■ GIVEN DATA
• • • • • • •

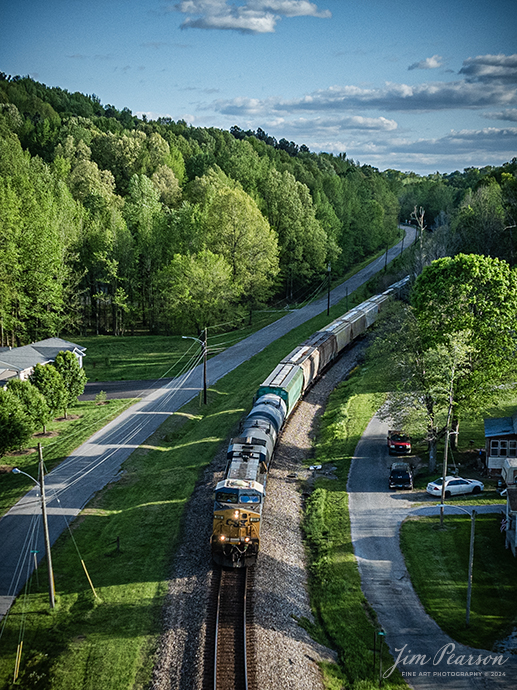 CSX M500 heads north at Mortons Gap, Kentucky, as they make their way north on a beautiful spring evening, on April 15th, 2024, along the CSX Henderson Subdivision.

Tech Info: DJI Mavic 3 Classic Drone, RAW, 22mm, f/2.8, 1/2000, ISO 160.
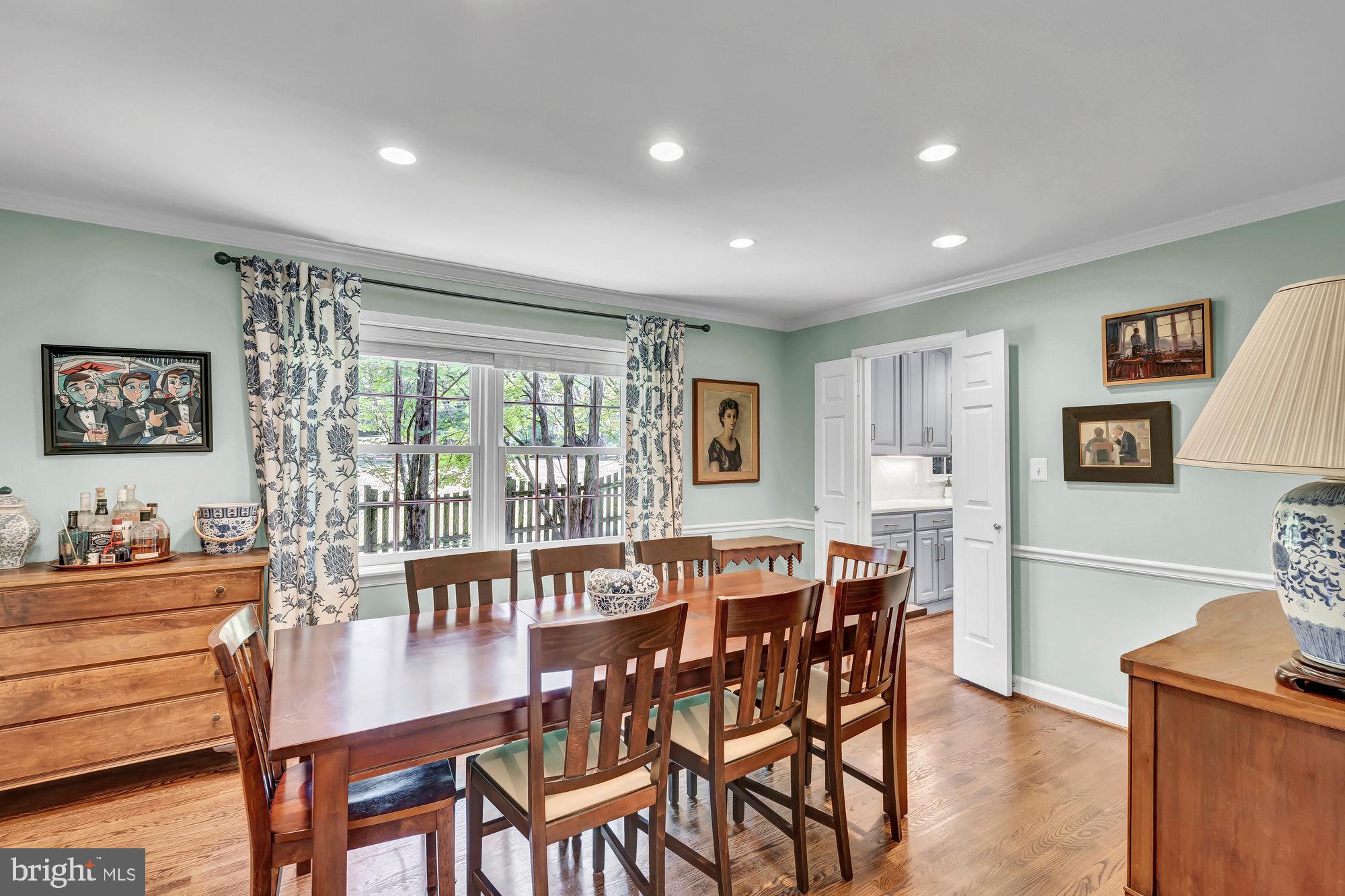 10301 Vale Road Vienna, VA 22181 - Photo 12 of 63 Gallery Image 12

• • • • • • •

■ WHAT IS EXPECTED
Output each line above exactly. Skip the images.

■ ANSWER TO THIS EXERCISE
 CSX M500 heads north at Mortons Gap, Kentucky, as they make their way north on a beautiful spring evening, on April 15th, 2024, along the CSX Henderson Subdivision.

Tech Info: DJI Mavic 3 Classic Drone, RAW, 22mm, f/2.8, 1/2000, ISO 160.
 10301 Vale Road Vienna, VA 22181 - Photo 12 of 63 Gallery Image 12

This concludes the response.